Want proof? How about this: Here's where they've stood league wide in goals scored since the lockout (Present to Past, in order):
26th, 24th, 21st, 21st, 29th, 28th & 28th.
That's not an environment in which a player like Rick Nash thrives in the assist department. Even this year, after the Jackets added Jeff Carter, the Jackets have had a miserable time putting the puck in the net. So when I hear people talk about the fact that Nash doesn't have the numbers to back up the praise he receives, I raise an eyebrow.
The problems in Columbus are many this season; suspensions, injuries, terrible goaltending and an over-matched defense have all been culprits in their terrible season and resulting situation - last in the NHL standings. From here, with only 10 wins to their credit, it sure looks like the Columbus Blue Jackets' season is over.
Because of this, trade rumors have already begun to swirl, and although no one thought that Rick Nash would be even discussed as an option to be moved, he came out and said that he would be willing to waive his NMC if it helped the Jackets. Now, Columbus GM Scott Howson has said he wants to retain Nash, but this type of talk at least warrants a look from the Sharks perspective.
Would Nash help San Jose? That goes without question. Not only are the Sharks having trouble turning shots into goals lately, but they're having an increasingly hard time doing that on the power play. Nash is a bonafide goal scorer who has no trouble playing offense.

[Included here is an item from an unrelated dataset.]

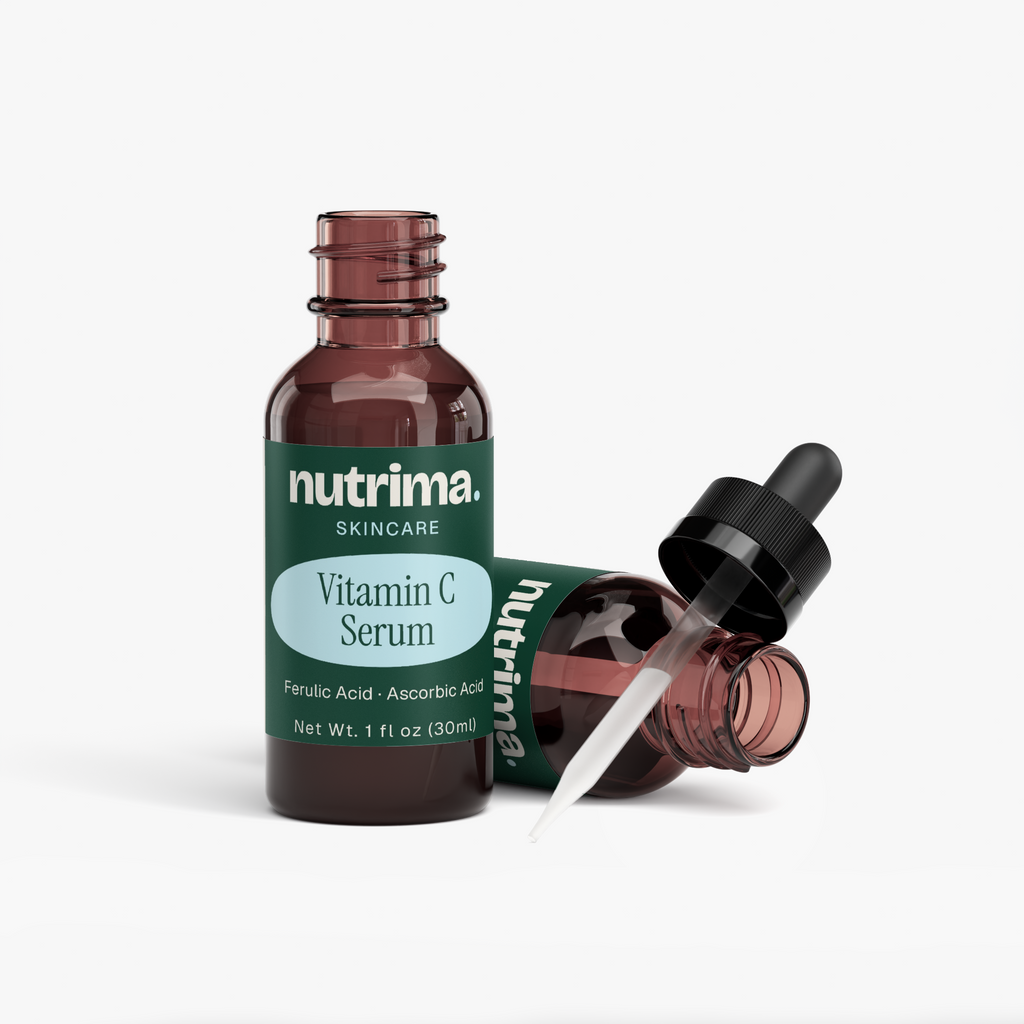 Dark amber bottles of Vitamin C Serum by nutrima, featuring a dropper cap and sleek design, on a white background.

Where Nash would surprisingly help as well, though, would be on the penalty kill. Though he's only played 0:29 seconds of shorthanded time per game this season, he put up 2:16 per game in 2009-2010, 2:13 in 2008-2009 and 2:34 in 2007-2008. Shorthanded, he's a threat to score (he has 12 shorthanded goals in his career, including this beauty, and this one is four on four, but holy crap), and he could help spell some of the Sharks' big guns who also kill penalties.
I shouldn't have to justify the "why" much more though, he's undoubtedly one of the ten best forwards in the NHL on skill alone and should have NHL GM'sfoaming at the mouth thinking about the possibility adding him to their squad. The problem for the Sharks would be the "how".
Nash carries with him an enormous cap hit, $7.8MM through the 2017-2018 seasonto be exact, and therefore would require some significant salary going the other way. When discussing a trade the last few days with my Fear the Fin cohorts, we worked out a few deals that make sense, but they'd definitely painful.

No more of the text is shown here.